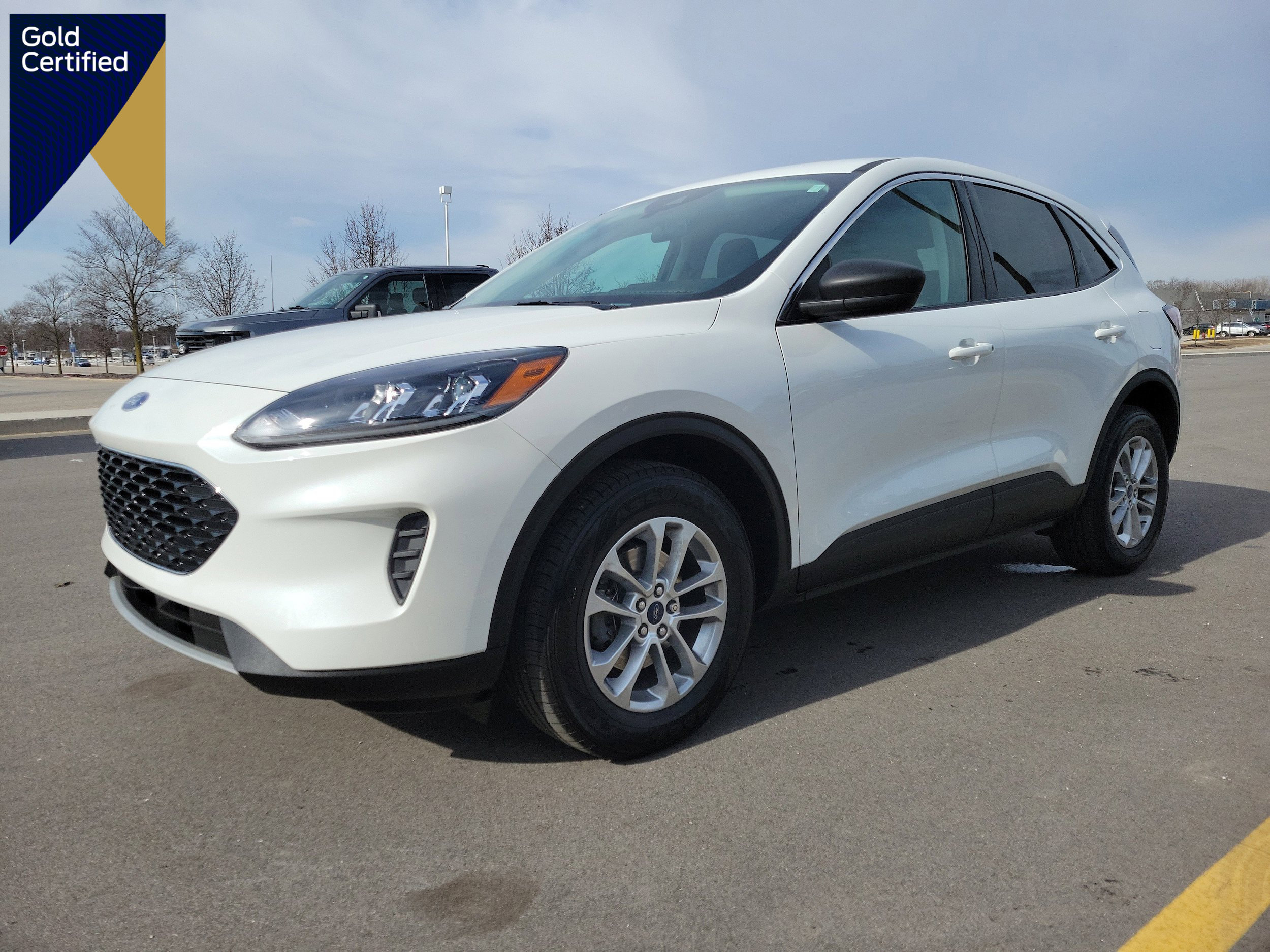 Certified 2022 Ford Escape SE w/ Convenience Package image 1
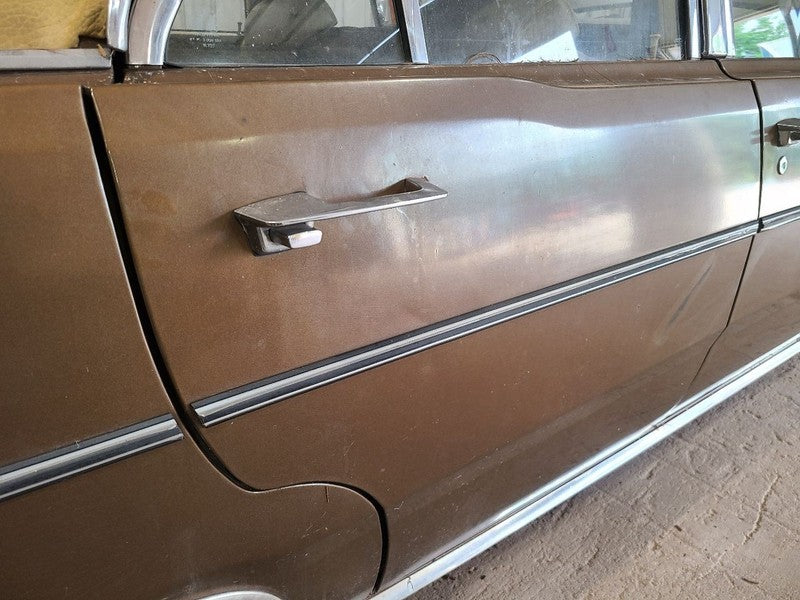 DART      1975 Door Moulding Rear 668127
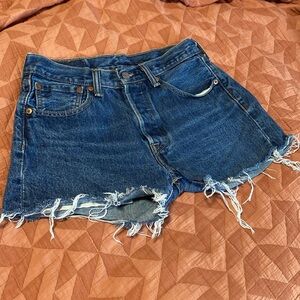 Levi cut off rigid denim medium wash jean shorts women’s size 25 26 0 2 small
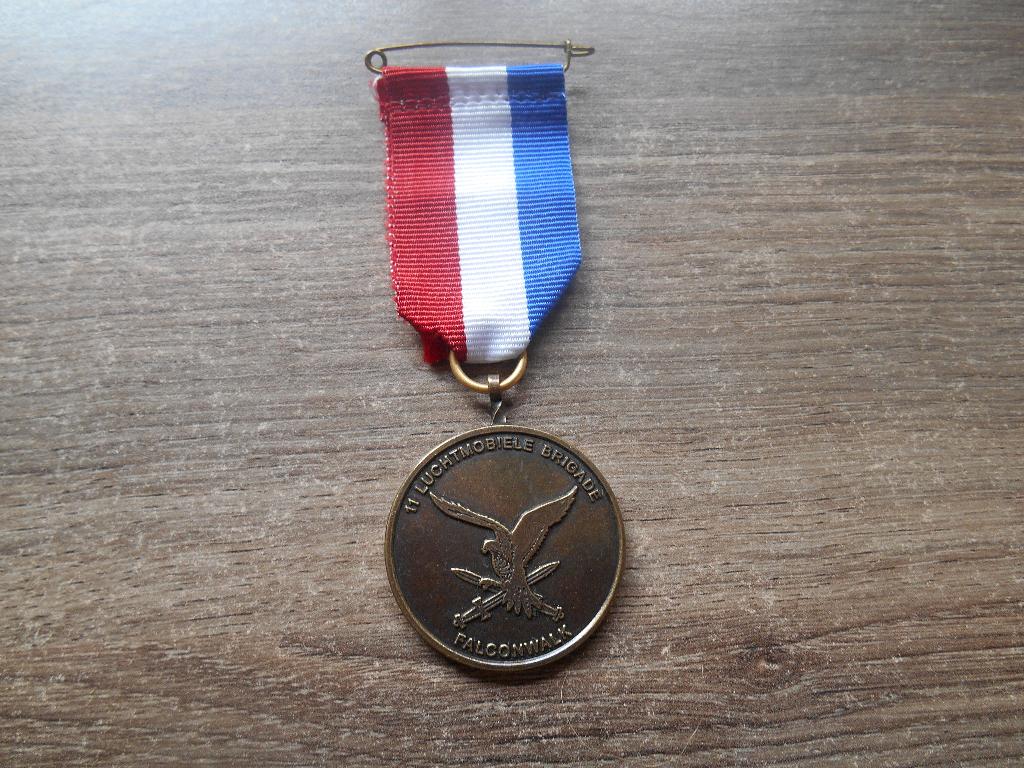 Medaille 11 Luchtmobiele Brigade 1ste Falconwalk, Ophalen of Verzenden, Landmacht, Nederland, Lintje, Medaille of Wings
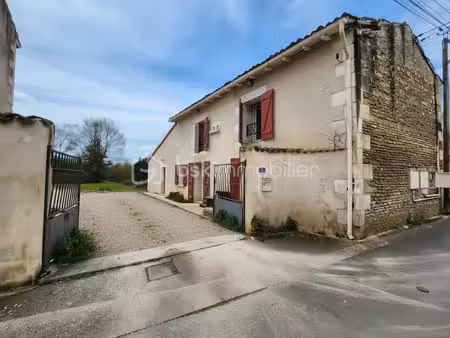 immeuble de rapport – 3 logements – terrain constructible – migné-auxances - cadre nature 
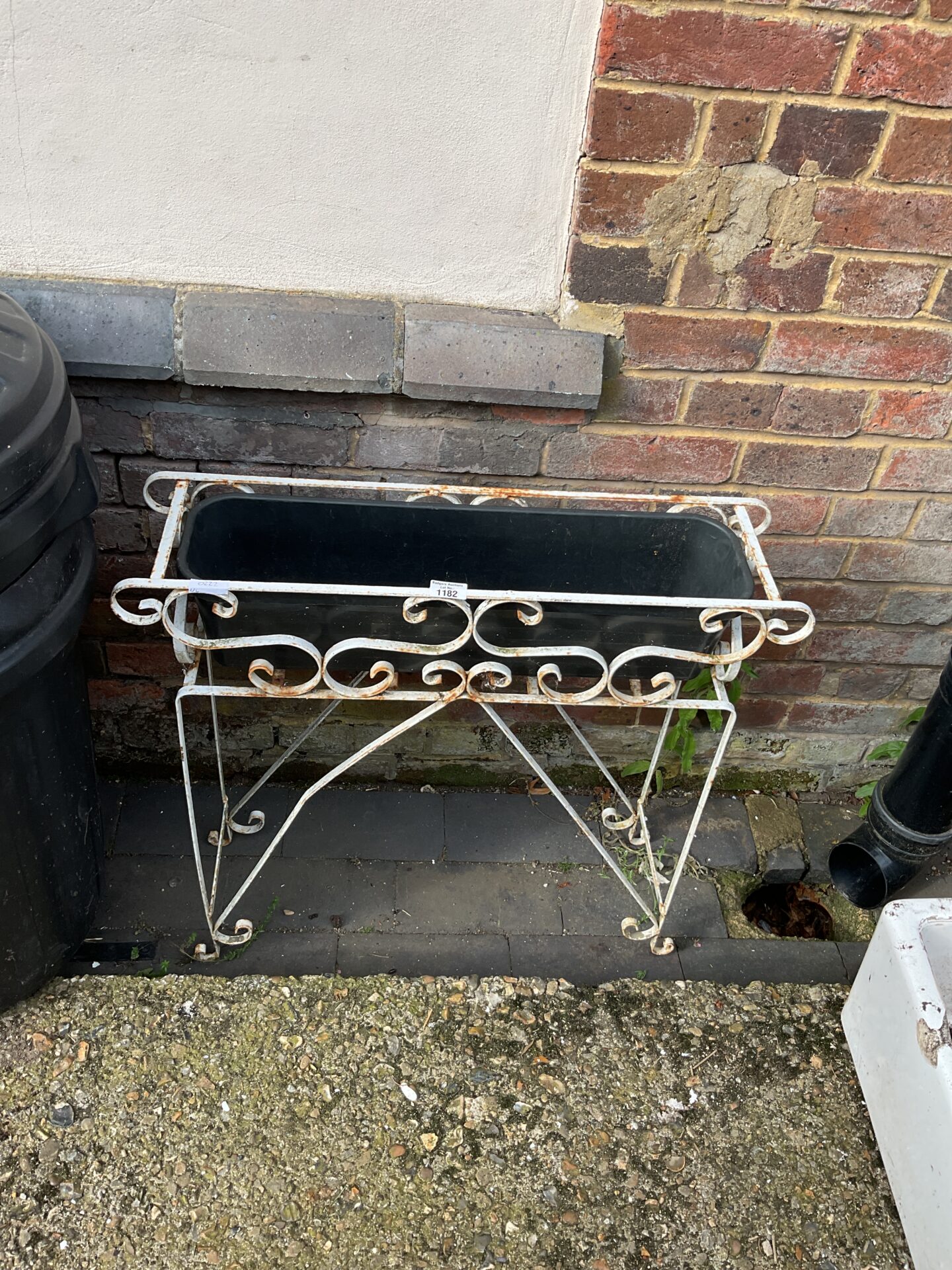 1182 Metal Decorative Plant Stand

▶ [Work instruction]:
In the listing above, find the line holding "Moulding Rear 668127" and the line holding "Medaille 11 Luchtmobiele". Reproduce those two lines and all between them exactly, leaving out pictures.

▶ [Result below]:
 DART      1975 Door Moulding Rear 668127
 Levi cut off rigid denim medium wash jean shorts women’s size 25 26 0 2 small
 Medaille 11 Luchtmobiele Brigade 1ste Falconwalk, Ophalen of Verzenden, Landmacht, Nederland, Lintje, Medaille of Wings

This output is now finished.